Well, maybe I am a bit harsh on the old master. After all, it is said, that even the greatest genius rarely produces more than only six poems of outstanding quality in an entire lifetime – and these examples make already 50% of the required quota. However it can be quite a chore to slog through the pieces in between, in his “Carmina.” Horace definitely was a poet for the mature reader – which is perfectly fine, I wouldn’t have it any other way – but he also was sort of a schoolmaster for all his life. A very gifted and linguistically cultured schoolmaster; Friedrich Nietzsche – himself no mean latinist – praised Horace’s poetry for “the power radiating from every word into every direction.”

I came rather late to Latin; neither born nor bred to become a latinist, I picked up on the language initially only as a necessary tool for Roman history and law. It took me a while to appreciate the good stuff that came my way after the initial pains. Virgil is magical and often simply perfect – but I shall never know why Petronius extended his praise on Horace for his “felicitous care.” But please, don’t miscue my intentions here: I am encouraging to read Horace! By all means, discover for yourselves his poise and gentle wit, enjoy the urban conversationalist. Horace was a born essayist, but as a poet he doesn’t match expectations – at least not mine.

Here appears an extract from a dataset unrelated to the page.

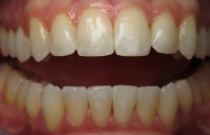 smile after veneers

Over the ages Horace has become one of the most read, most imitated, most estimated, most translated, most venerated poets of all times. Is it possible, that all these discerning minds and the admiration by two millennia could have gotten it so wrong and only I know better? It can’t be. I must be missing something here. Even an air-head like Casanova is on record for having learned by rote Virgil’s “Aeneid,” Ariost’s “Orlando Furioso,” and the complete poetry of Horace. Casanova never ran out of pickup lines. So it seems, before I find the time and inclination to examine the situation more carefully, I will have to suspend judgement.

For the meantime I shall keep him in an airtight preservation jar for overrated icons. Why? Well for starters, Horace is a typical case for a politically almost risque poet under an oppressive regime, who in our time might have earned headlines as a somewhat veiled dissident. The Roman opposition in the 4th century had thought so too, and thanks to their efforts to preserve and pass on the best traditions of a disintegrating culture under siege, Horace came down to us almost intact. The ancient scholars and their senatorial patrons had been on a mission. It made Horace the emissary of Latin culture and the educator for cultured people in all ages.

The clouts of his reputation have stuck to his name for good, but it says little about his qualities as writer and poet. In our time he would have made the grades for Stockholm – and probably, like so many, for all the wrong reasons. If you ask me: a praised and praiseworthy author, but not really a great poet.